> _Data below_
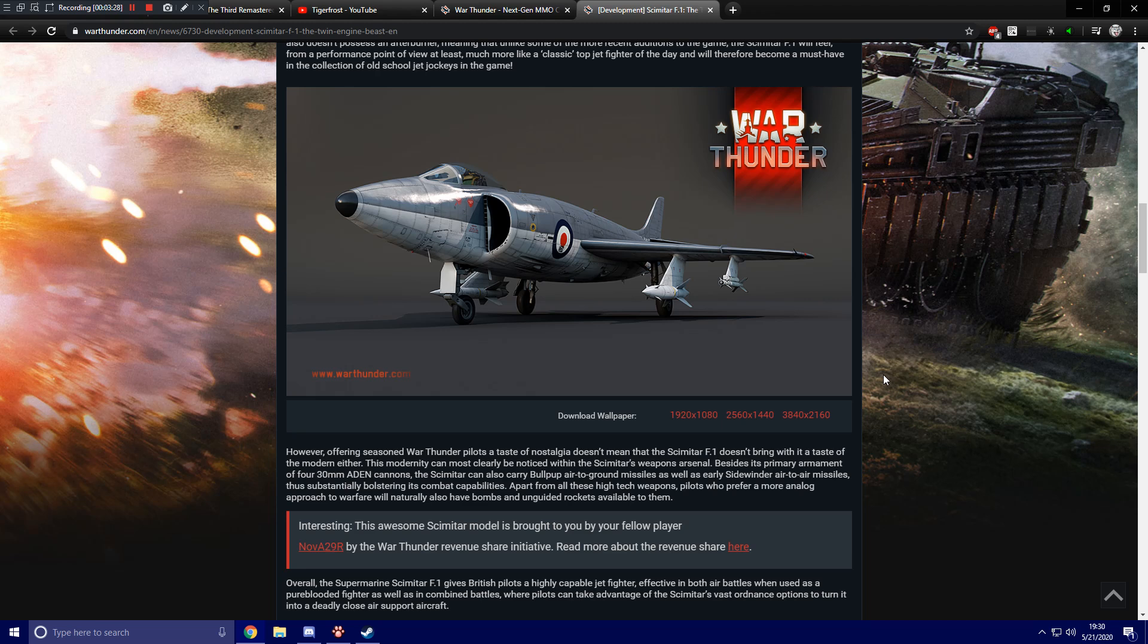Interesting, this awesome Scimitar model is brought to you by your fellow player Nov A29R by the War Thunder Revenue Share Initiative. Read more about the revenue share here.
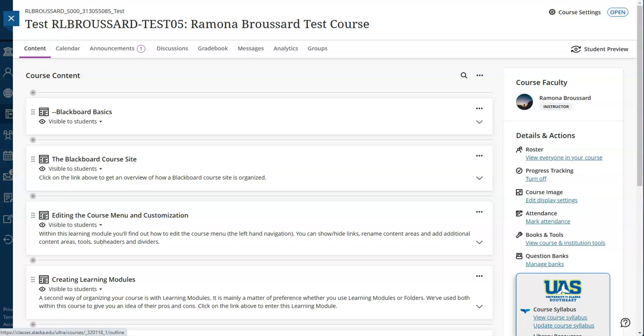For additional help, reach out to the KELT team. Thanks for watching and have a great semester.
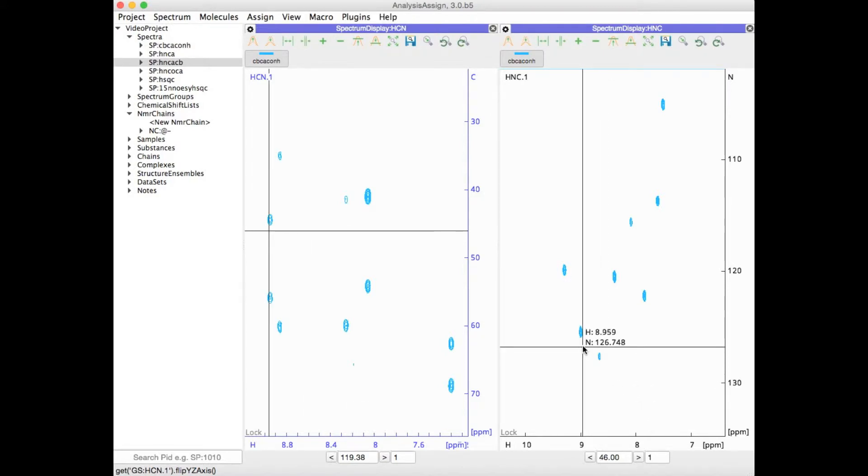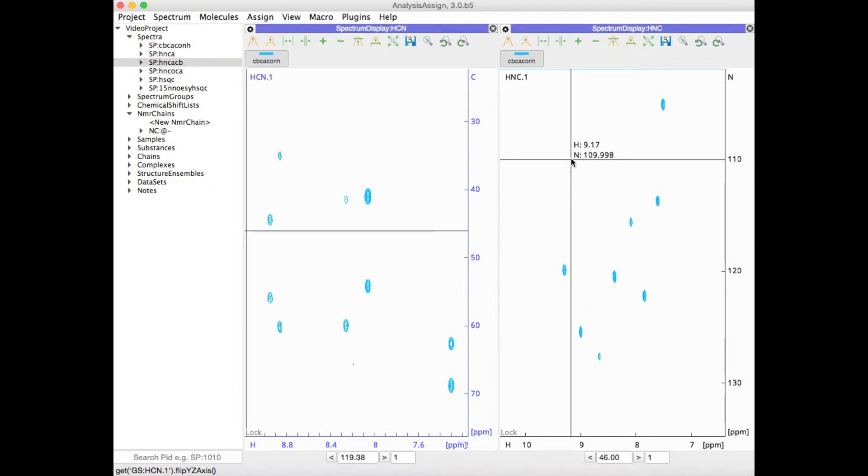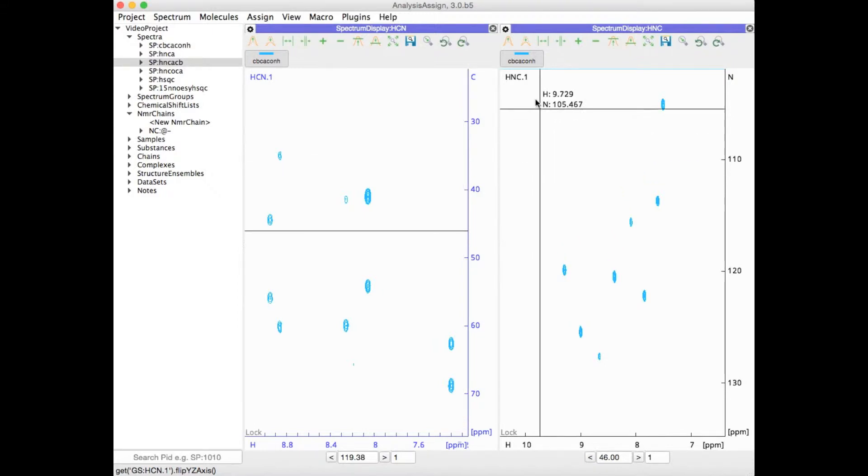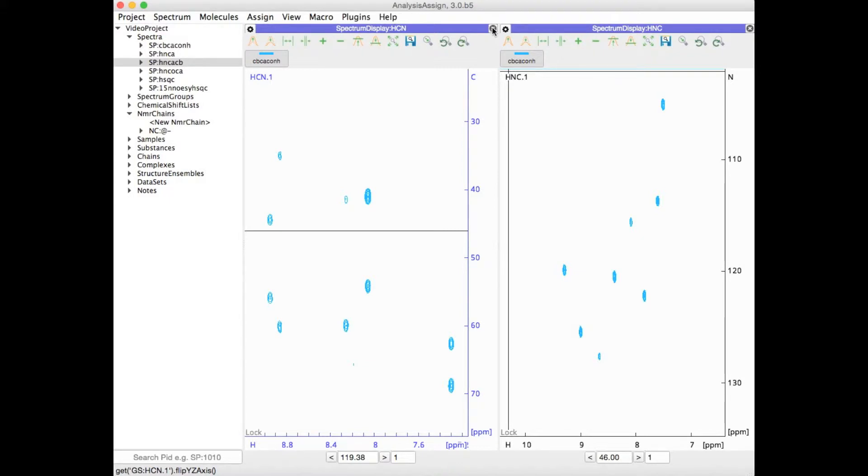As you can see, it is in a separate module. That's because in Analysis version 3, each module is always associated with one particular type of axis arrangement. Once you've flipped your spectrum, you can decide whether to close the old module or retain it.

> _Directions_
In your reply, every line of the material should appear exactly as written, and no picture should.

> _Solution to the problem_
Interesting, this awesome Scimitar model is brought to you by your fellow player Nov A29R by the War Thunder Revenue Share Initiative. Read more about the revenue share here.
For additional help, reach out to the KELT team. Thanks for watching and have a great semester.
As you can see, it is in a separate module. That's because in Analysis version 3, each module is always associated with one particular type of axis arrangement. Once you've flipped your spectrum, you can decide whether to close the old module or retain it.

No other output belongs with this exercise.